I found it easiest (after some messy trial and error) to prop the pole against a table and paint each section around all four sides, rather than to paint one side at a time. I am sure this happened because I conceptualized my design as a circular one, rather than as a panel-by-panel one.
While I don't think there is one best way to paint your pole, I do taking the time to think about how you'll do it with such an awkward object will pay off!
8. Finish it up!
Let it dry completely. Add extra time to be sure. Then start coating it with the UV-proof varnish. As I mentioned earlier, I am insecure, so I gave it double dry time in between coats and I put on an extra coat or two for good measure. Then I let it dry inside my home for a good week before I put it outside.
9. Put it outside.
Because I wanted to be able to move my pole, at least for a while, I just picked a spot and pounded my metal garden post in. Then a set the pole down over it. Of course, the garden pole is much smaller than the inside of the peace pole, so the peace pole wobbles quite a bit. But this is easily fixed! Simply fill a bucket with dirt or sand and, making sure that the peace pole is upright as you like it, pour the sand down inside the pole. Use a second bucket if you need to. Soon, that will fill the bottom foot or so of the inside of the pole and stop the wobbling! You'll have a stable pole without having to permanently mount it in place.
Of course, the very day after I put it outside, it snowed. But the pole looked terrific in all that white and I felt super pleased with it. The project cost me less than $50 total for supplies (though I admit I had a lot of paints already) and probably took me a total of 10 hours to do, not counting the thinking and design time or the drying time in between coats.
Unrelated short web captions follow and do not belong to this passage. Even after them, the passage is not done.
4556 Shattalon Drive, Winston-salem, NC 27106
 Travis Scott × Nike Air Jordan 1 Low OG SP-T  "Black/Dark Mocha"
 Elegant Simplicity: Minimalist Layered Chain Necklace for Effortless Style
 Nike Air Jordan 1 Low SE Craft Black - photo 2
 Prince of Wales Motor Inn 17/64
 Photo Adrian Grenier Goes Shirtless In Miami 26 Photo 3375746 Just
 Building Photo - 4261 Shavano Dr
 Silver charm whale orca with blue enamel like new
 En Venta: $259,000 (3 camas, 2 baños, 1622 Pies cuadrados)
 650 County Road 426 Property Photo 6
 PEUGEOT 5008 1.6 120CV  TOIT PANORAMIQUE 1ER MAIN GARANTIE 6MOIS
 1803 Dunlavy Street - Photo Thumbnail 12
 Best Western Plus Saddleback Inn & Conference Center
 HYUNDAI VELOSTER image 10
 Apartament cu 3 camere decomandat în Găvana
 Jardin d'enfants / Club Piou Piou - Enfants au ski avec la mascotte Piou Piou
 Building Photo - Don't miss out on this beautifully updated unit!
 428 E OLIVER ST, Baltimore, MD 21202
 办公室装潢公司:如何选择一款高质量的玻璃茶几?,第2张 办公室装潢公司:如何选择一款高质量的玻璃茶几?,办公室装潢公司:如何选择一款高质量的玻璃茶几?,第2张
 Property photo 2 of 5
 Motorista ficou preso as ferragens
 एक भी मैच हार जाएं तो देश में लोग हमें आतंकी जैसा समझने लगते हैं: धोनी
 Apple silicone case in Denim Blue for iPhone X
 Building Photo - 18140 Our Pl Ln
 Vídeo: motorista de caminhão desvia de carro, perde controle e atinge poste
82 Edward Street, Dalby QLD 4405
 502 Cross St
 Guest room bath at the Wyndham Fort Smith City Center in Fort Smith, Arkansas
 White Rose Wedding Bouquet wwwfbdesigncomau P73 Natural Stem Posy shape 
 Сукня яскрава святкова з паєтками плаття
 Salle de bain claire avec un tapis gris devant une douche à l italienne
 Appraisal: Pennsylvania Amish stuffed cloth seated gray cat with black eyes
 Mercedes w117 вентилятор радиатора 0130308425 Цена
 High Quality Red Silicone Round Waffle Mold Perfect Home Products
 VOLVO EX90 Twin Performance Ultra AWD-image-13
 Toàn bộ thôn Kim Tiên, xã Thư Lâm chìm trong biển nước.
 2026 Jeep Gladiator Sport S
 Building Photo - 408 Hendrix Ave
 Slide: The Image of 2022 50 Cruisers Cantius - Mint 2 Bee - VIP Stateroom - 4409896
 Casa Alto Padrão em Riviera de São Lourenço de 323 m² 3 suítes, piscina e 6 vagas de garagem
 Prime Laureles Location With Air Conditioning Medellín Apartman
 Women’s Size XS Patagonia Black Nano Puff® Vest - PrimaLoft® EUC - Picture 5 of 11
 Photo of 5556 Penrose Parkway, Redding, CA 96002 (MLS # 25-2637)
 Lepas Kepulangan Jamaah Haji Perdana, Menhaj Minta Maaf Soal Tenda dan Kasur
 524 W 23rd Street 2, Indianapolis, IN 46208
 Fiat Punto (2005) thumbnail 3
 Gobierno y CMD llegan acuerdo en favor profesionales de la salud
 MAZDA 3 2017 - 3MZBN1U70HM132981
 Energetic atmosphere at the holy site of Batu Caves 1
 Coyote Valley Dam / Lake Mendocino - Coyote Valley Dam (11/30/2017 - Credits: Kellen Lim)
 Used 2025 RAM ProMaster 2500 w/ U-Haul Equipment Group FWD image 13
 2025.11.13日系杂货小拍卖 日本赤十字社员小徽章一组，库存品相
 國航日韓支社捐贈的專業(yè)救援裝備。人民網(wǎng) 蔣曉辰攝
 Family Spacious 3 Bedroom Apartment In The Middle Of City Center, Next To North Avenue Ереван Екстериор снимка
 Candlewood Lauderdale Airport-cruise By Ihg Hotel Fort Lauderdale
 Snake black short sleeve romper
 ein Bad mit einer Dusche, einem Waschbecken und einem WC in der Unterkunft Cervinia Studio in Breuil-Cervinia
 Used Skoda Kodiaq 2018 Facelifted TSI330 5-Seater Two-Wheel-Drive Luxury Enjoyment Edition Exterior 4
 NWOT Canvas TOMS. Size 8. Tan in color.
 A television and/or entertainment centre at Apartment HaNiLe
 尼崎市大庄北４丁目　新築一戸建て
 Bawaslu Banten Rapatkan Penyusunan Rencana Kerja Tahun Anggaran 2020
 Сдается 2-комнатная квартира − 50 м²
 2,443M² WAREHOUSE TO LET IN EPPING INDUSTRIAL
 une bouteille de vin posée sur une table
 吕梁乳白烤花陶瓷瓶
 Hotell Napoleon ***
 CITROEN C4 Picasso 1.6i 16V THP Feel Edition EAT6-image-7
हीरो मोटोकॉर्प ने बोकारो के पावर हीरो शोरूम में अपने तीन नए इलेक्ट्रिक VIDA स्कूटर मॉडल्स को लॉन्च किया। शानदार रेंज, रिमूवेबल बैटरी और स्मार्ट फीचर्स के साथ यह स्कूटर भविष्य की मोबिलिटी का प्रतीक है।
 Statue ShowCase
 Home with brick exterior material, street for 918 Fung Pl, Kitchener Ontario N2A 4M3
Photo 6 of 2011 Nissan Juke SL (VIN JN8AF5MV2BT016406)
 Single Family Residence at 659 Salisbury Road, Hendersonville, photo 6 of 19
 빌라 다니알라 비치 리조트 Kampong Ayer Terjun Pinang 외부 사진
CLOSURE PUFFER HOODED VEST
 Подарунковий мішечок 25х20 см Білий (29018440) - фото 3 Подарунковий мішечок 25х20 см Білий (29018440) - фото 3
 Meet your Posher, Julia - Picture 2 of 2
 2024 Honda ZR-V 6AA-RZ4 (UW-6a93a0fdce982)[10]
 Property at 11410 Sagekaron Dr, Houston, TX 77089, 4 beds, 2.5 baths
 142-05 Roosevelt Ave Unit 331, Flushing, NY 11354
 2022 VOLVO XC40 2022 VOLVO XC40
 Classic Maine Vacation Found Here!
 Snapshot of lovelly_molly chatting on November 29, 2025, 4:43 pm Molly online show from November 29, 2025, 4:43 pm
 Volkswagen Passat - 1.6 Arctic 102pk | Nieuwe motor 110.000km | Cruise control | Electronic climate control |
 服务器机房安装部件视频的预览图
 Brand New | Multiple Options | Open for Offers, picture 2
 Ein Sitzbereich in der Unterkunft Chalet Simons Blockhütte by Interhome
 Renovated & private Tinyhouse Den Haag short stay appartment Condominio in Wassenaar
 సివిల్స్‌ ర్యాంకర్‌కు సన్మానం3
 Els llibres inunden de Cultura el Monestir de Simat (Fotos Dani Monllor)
I have no idea how long it will last, having just made it. But that's part of the fun of it. Kind of like prayer flags and sand mandalas. The making held the most meaning. I'll enjoy it while it lasts.
I'm happy to have made this peace pole out of the words and colors that have such deep meaning for me. I am thinking that making them as gifts for other people might be a very cool thing--customizing the design and words to reflect who they are and what they find meaningful.